Searching for influence
By Matt Jacob
With the 2000 elections quickly approaching, we at the Campaign Finance Information Center are giving our all to help
journalists make the most of election stories. Wondering how much money the local insurance salesman running for
state representative received? Interested in how much money a candidate received from out-of-state contributors?
Following the campaign money trail in its entirety is one way journalists can provide more in-depth coverage of
candidates. CFIC helps by collecting state campaign finance data from across the nation, making the data available
to journalists, teaching reporters how to work with the data and offering story ideas.
The CFIC Web site www.campaign finance.org is our central resource for journalists. A recent overhaul of
the site provides what we think is a more user-friendly environment. Listed here are the site's features, about
which we welcome your comments via e-mail at email@example.com.
Individual State Pages
Having collected information on every state, we have built a page for each. State pages offer the source and
range of our information and, when available, a breakdown of top contributors, state contribution limits, contribution
reporting forms and links to state-specific search engines and to state election Web sites.
Out of our compiled data we've built a comprehensive search engine that allows journalists to track contribution
cash flow across state lines for both federal and state races. The search provides who gives what to which
candidates (contributions) as well as how the candidates spend their donations (expenditures). In some cases,
it includes money flow to and from political action committees (PACs), candidate committees and party committees.
Stories and Tips
The CFIC collects stories that use campaign finance data to show how private money influences public policy.
Journalists can search stories by publication, state, date and headline keyword. We also offer a list of sources
specializing in campaign finance and tip sheets written by reporters that cover campaign finance issues.
Using the resources and excellent training programs of Investigative Reporters and Editors and the
National Institute of Computer-Assisted Reporting, the CFIC plans to offer seminars specific to covering
campaign finance. Journalists will learn the skills they need to dig through data and come out with a story.
The CFIC Web site will offer details on these seminars as they become available. There will also be
sessions on covering campaign finance at both the IRE and NICAR national conferences.
The CFIC has compiled the names, phone numbers and e-mail addresses of reporters covering campaign
finance into a searchable database. Journalists can search by name, affiliation, city or state. The center also
maintains a mailing list for journalists to exchange ideas and tips. To subscribe to CFIC-L, send an e-mail to
majordomo@campaign finance.org. In the body of the message, type: subscribe cfic-l your e-mail address.

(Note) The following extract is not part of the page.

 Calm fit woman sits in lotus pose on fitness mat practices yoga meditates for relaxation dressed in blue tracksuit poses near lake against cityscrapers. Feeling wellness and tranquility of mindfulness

The archives of the listserv can be searched online at http://notes.ire.org/cfic-l.nsf
Tracker is the CFIC's newsletter dedicated to campaign finance coverage. Published quarterly, it is also
available for viewing on our Web site. Each issue contains stories written by reporters working with campaign
finance records. They share tips and tactics for tackling these often complex investigations. Past issues are also posted.
We've pulled together a detailed list of other Web sites especially useful to journalists who are following the
campaign money trail. These sites can help journalists put their data in some context with candidate profiles
and candidate voting records. We also give other sources for campaign finance data.